In-Class Coding Lab: Scrape NASDAQ Stock Quotes

For this lab we will walk you through scraping stock data from the NASDAQ website: http://www.nasdaq.com/

We will walk you through the process and when you're done you'll be tasked with creating a program which when given an NASDAQ symbol will retrieve the name of the stock, price, and percent change.

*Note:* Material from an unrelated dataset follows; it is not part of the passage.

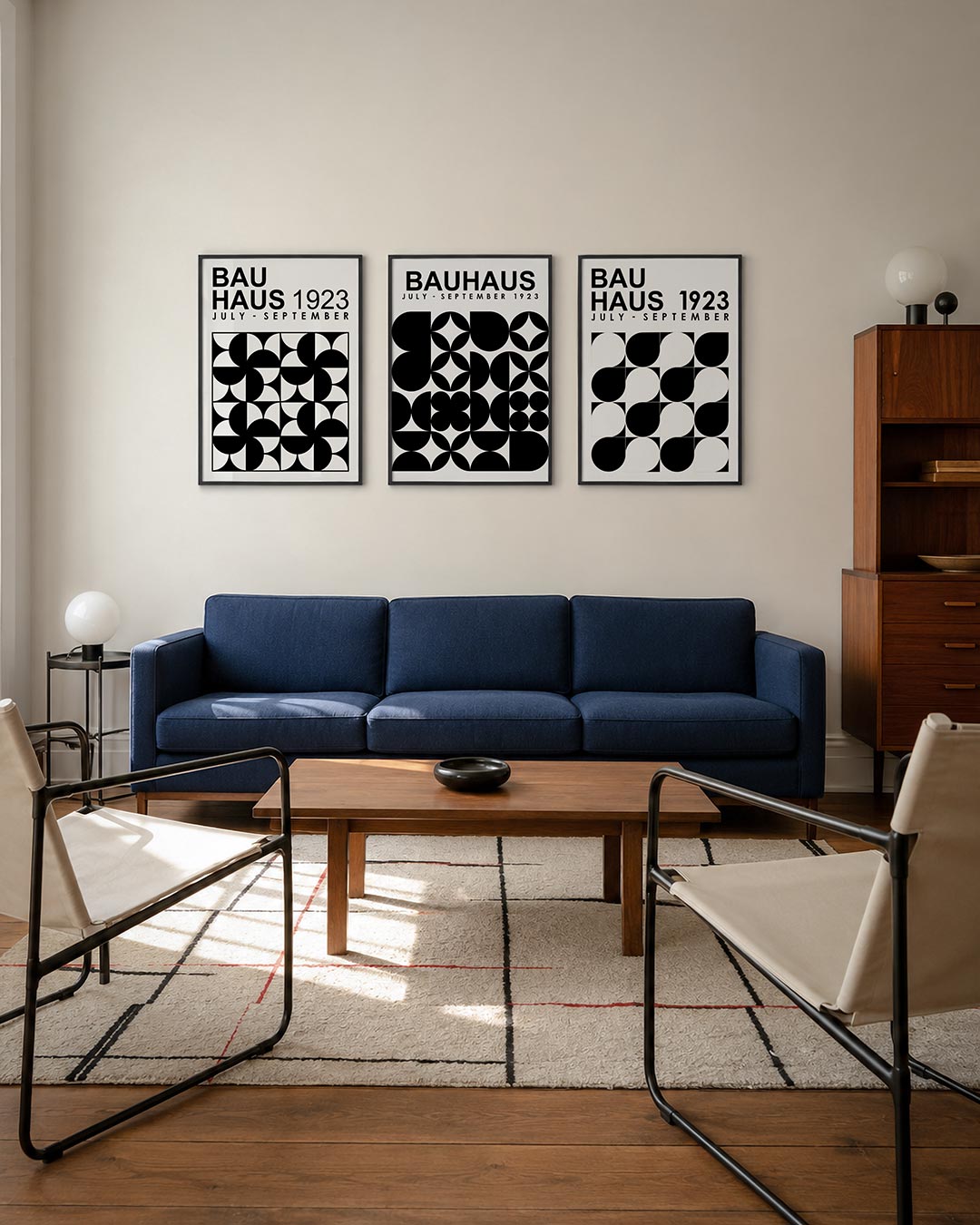 Zwart wit ritme driedelige posterset – deze posterset in drie delen toont een dynamisch spel van cirkels en vierkanten.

While we work through the example, we will use Amazon.com's stock symbol:amzn

For a list of NASDAQ stocks to try with the completed program, see here: http://www.cnbc.com/nasdaq-100/

Our plan

Here's our plan for a given stock symbol, for example amzn :

  1. use Requests to get HTML from this page http://www.nasdaq.com/symbol/amzn
  2. use BeautifulSoup4 to extract data from the site. save the data we extract into a dict
  3. print the stock info from the dict

We will write each step as its own function below


In [ ]:
import requests
from bs4 import BeautifulSoup
import time

Use Requests to get HTML

Here's the code:


In [ ]:
symbol = "amzn"
url = 'http://www.nasdaq.com/symbol/' + symbol
response = requests.get(url)
if response.ok:
    print (response.text)
else:
    print ("Error retrieving " + url)

It looks like it works, so we should refactor it into a function and then test again. we pass in the symbol as input and return what we would print as output.


In [ ]:
def get_html_from_nasdaq(symbol):
    url = 'http://www.nasdaq.com/symbol/' + symbol
    response = requests.get(url)
    if response.ok:
        return response.text
    else:
        return "Error retrieving " + url

Let's try it out... should work


In [ ]:
html = get_html_from_nasdaq('amzn')
html

use BeautifulSoup4 to extract data from the site

Next we want to take html and extract out the meaningful bits. This is the part that requires time and patience. You'll need to use a browser's developer tools to find the important CSS selectors so you can retrieve the data.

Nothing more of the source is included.